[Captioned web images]
----
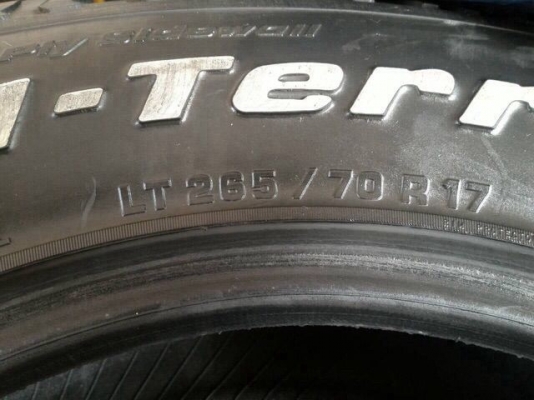 ขายยาง  BF  265 x 70 x 17  ปี 13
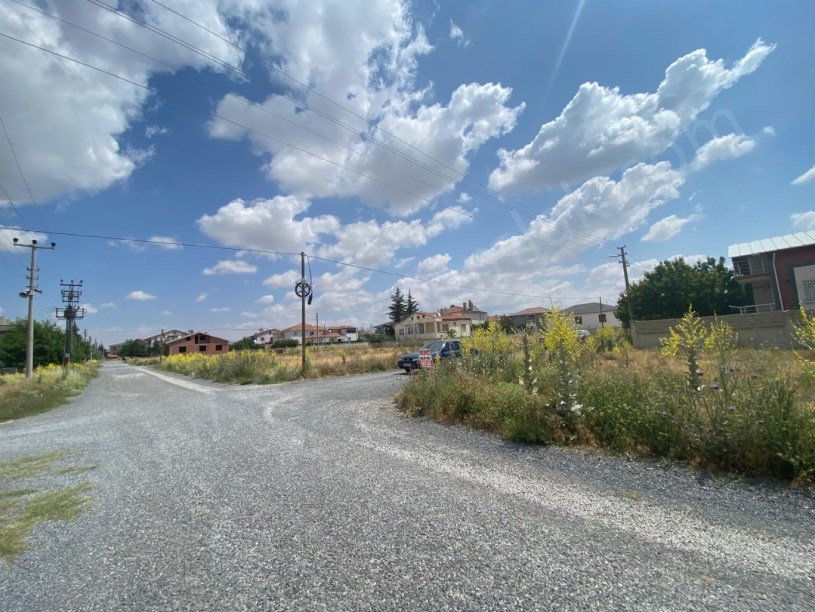 SELÇUKLU MAHALLESİ YILMAZ SOKAKTA KÖŞE BAŞINDA ARSA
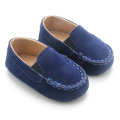 Chaussures bateau garçon de couleur bleue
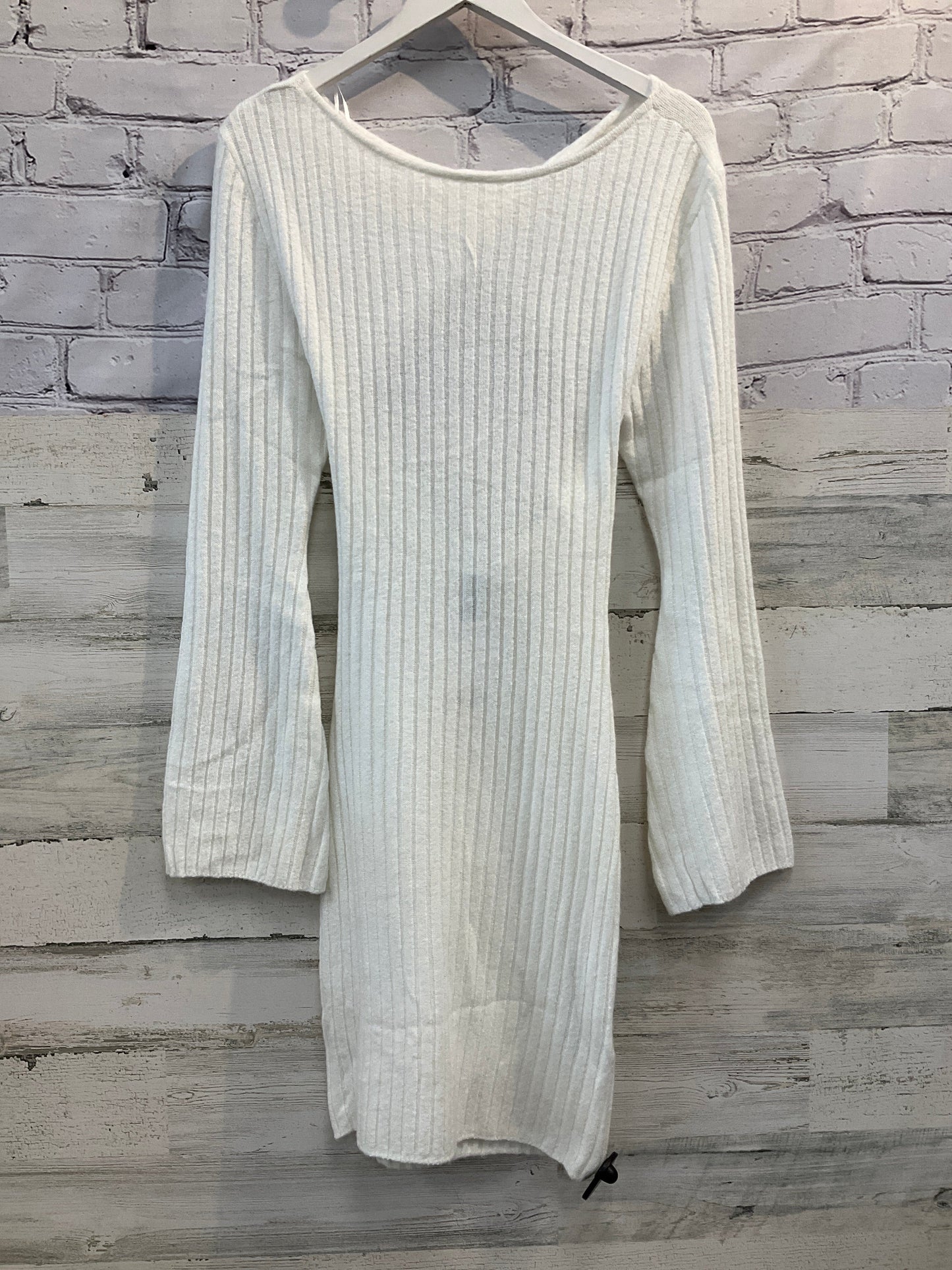 Dress Sweater By Divided In White, Size: M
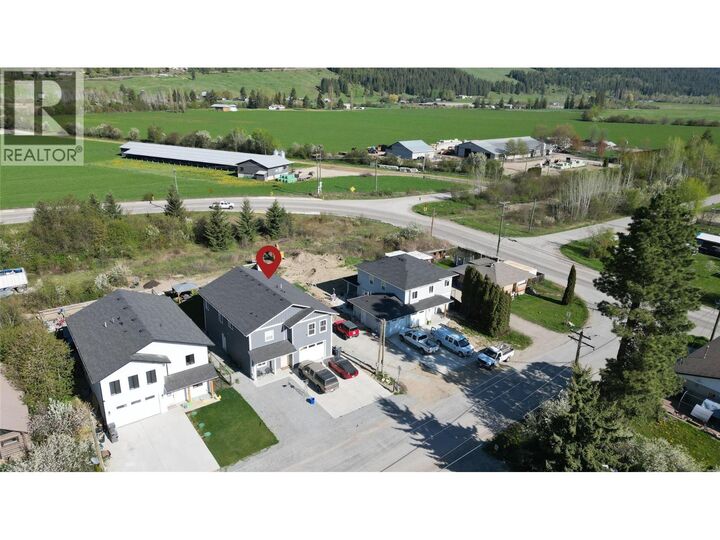 Property Photo: 148 4th Avenue BC V0E 1Y0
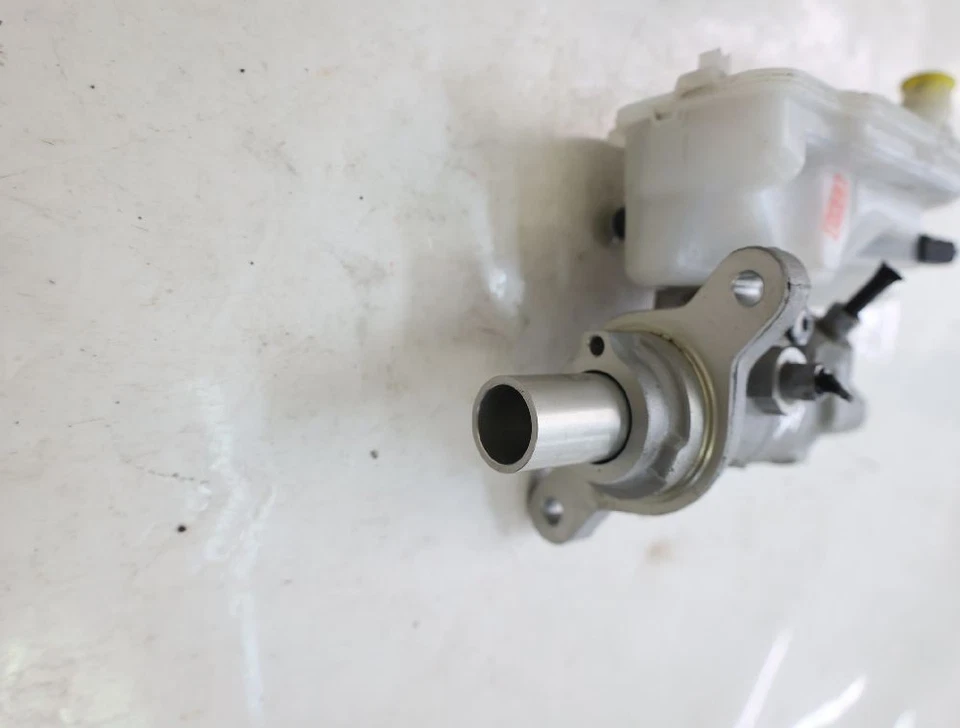 Cilindro de freno de Maestro Mercedes CITAN KASTEN W420 1.5 85 kW 116 HP 94405 - Imagen 2 de 4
----
**Try it:**
Word for word, give the entries above again, with no images included.

**Reply:**
 ขายยาง  BF  265 x 70 x 17  ปี 13
 SELÇUKLU MAHALLESİ YILMAZ SOKAKTA KÖŞE BAŞINDA ARSA
 Chaussures bateau garçon de couleur bleue
 Dress Sweater By Divided In White, Size: M
 Property Photo: 148 4th Avenue BC V0E 1Y0
 Cilindro de freno de Maestro Mercedes CITAN KASTEN W420 1.5 85 kW 116 HP 94405 - Imagen 2 de 4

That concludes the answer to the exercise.